Generate variant sets based on spatial clustering

Generate weighted variant sets for use in association testing, with partitioning by genomic distances as described (Fier, GenetEpidemiol, 2017).

spatialClust(
  object,
  output,
  varSetName,
  unitTable,
  unitName,
  windowSize,
  overlap,
  intersection = NULL,
  where = NULL,
  weightName = "1",
  posField = "POS",
  minTry = 5,
  warning = TRUE
)

Arguments

object: a gdb object
output: Output file name (output will be gz compressed text).
varSetName: Name to assign varSet grouping. This identifier column is used to allow for subsequent mergeing of multiple varSet files for coordinated analysis of multiple variant filtering/weighting strategies)
unitTable: Table containing aggregation unit mappings.
unitName: Field to utilize for aggregation unit names.
windowSize: Numeric vector to indicate starting fixed window size (number of variants)
overlap: Numeric vector to indicate starting fixed window overlap (number of variants, length must match windowSize)
intersection: Additional tables to filter through intersection (ie variants absent from intersection tables will not appear in output). Multiple tables should be ',' delimited.
where: An SQL compliant where clause to filter output; eg: "CHROM=2 AND POS between 5000 AND 50000 AND AF<0.01 AND (cadd.caddPhred>15 OR snpEff.SIFT='D')".
weightName: Field name for desired variant weighting, must be a column within unitTable or other intersection table. Default value of 1 is equivalent to no weighting.
posField: Column name to take as variants position. Default is 'POS' which typically corresponds to genomics position. Can be reset to use CDS or other coordinates. "HGVSc" is a recognized identifier and CDS coordinates will be extracted automatically.
minTry: Minimum number of variants in varset to perform clustering on.
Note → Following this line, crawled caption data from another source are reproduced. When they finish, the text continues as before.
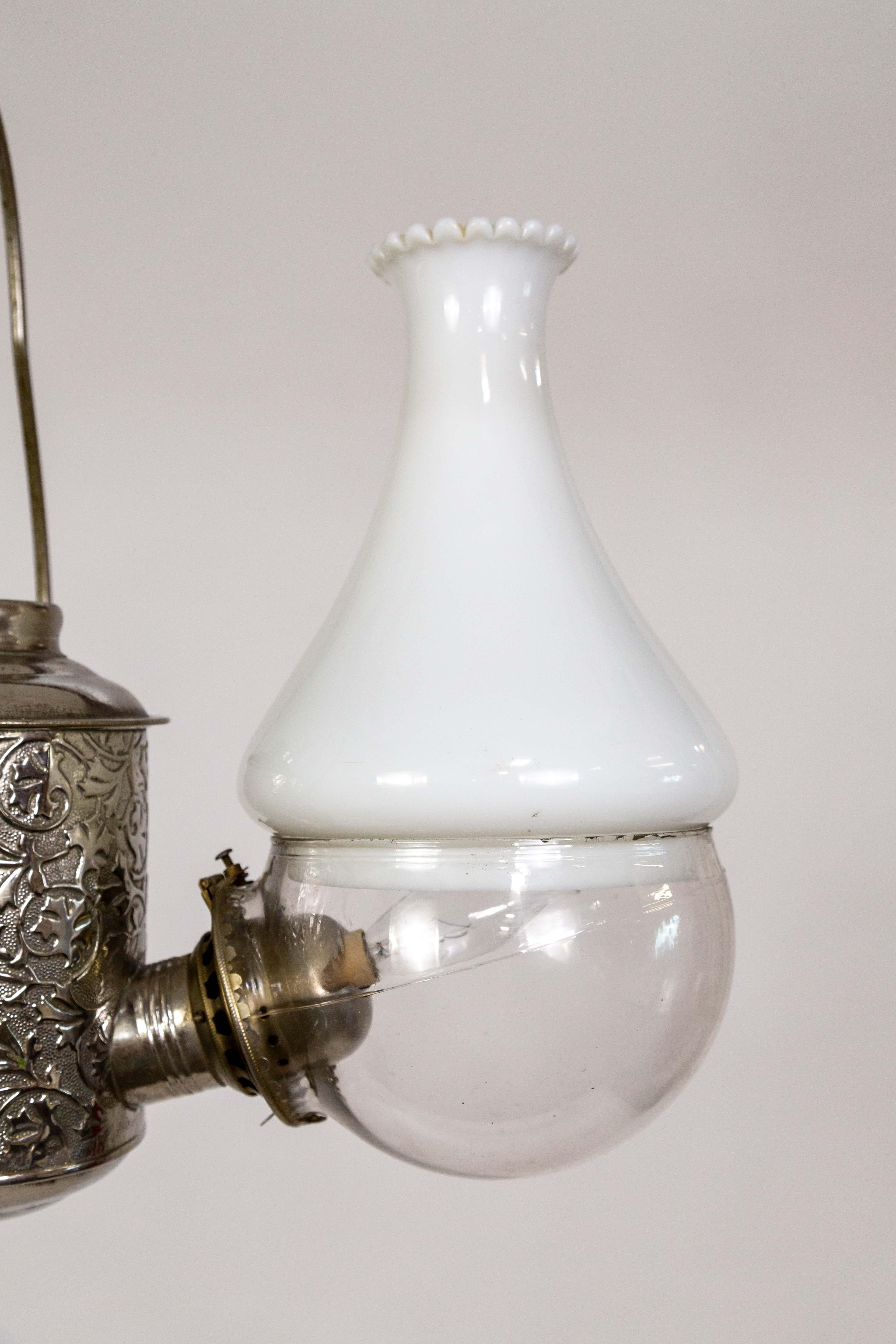 Silver Angle Lamp Co. Electrified Kerosene Brass & Glass 2-Light Hanging Fixture 3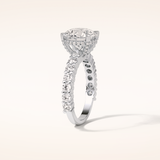 2.75 CT Round Shaped Pave Moissanite Engagement Ring
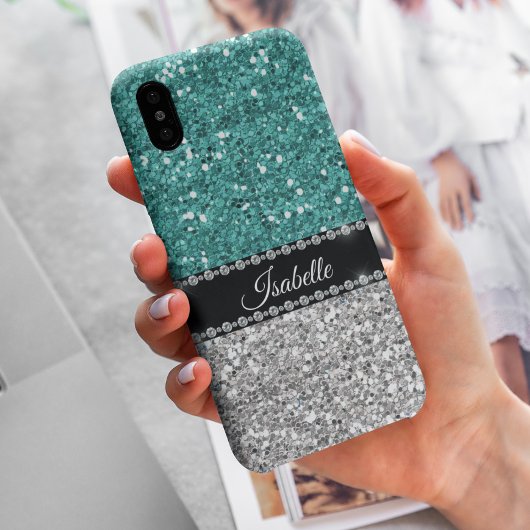 Coques Case-Mate iPhone Sarcelle argentée scintillement glamour personnali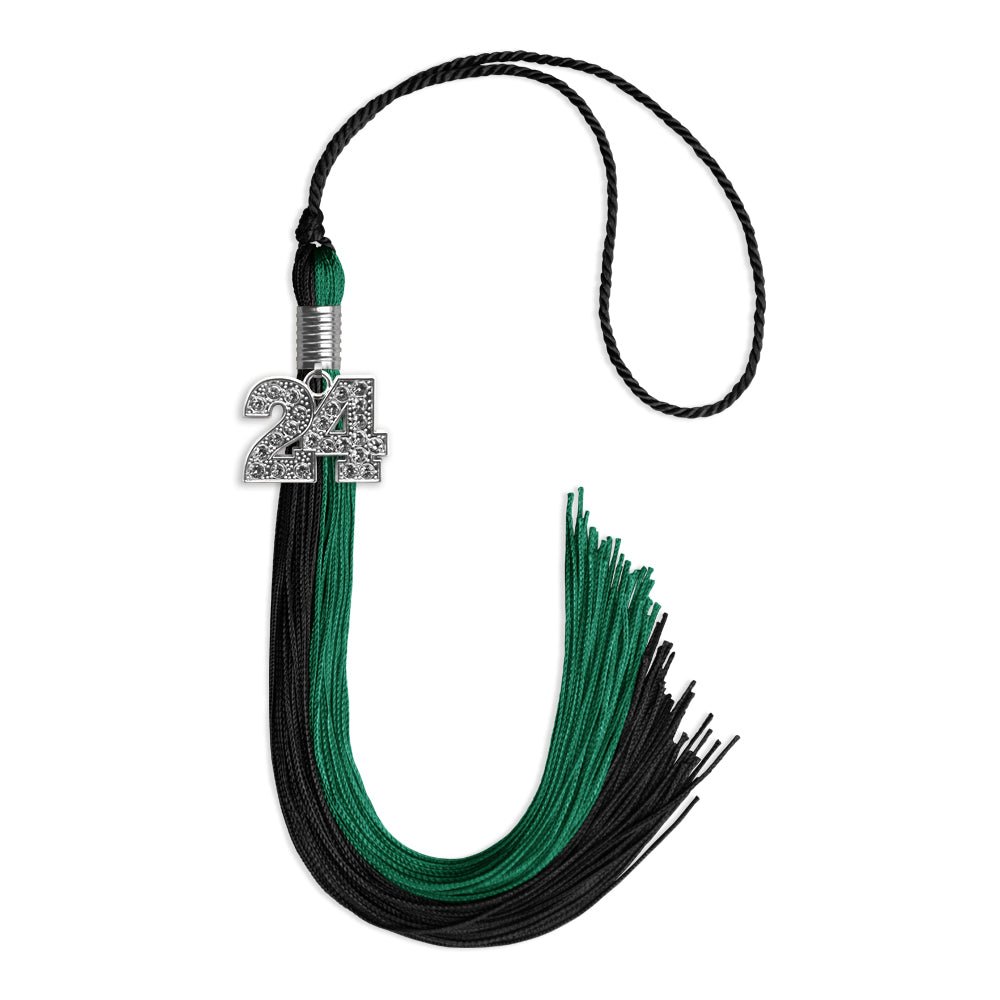 Emerald Green/Black Graduation Tassel with Silver Bling Charm by Wholesale Grad Supply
If number of variants < minTry, all variants will be returned as a single cluster.
warning: Raise a warning when clusters can't be generated? Defaults to TRUE. Defaults to 5.

References

Loehlein Fier, H. et al. On the association analysis of genome-sequencing data: A spatial clustering approach for partitioning the entire genome into nonoverlapping windows: F ier et al . Genet. Epidemiol. 41, 332–340 (2017).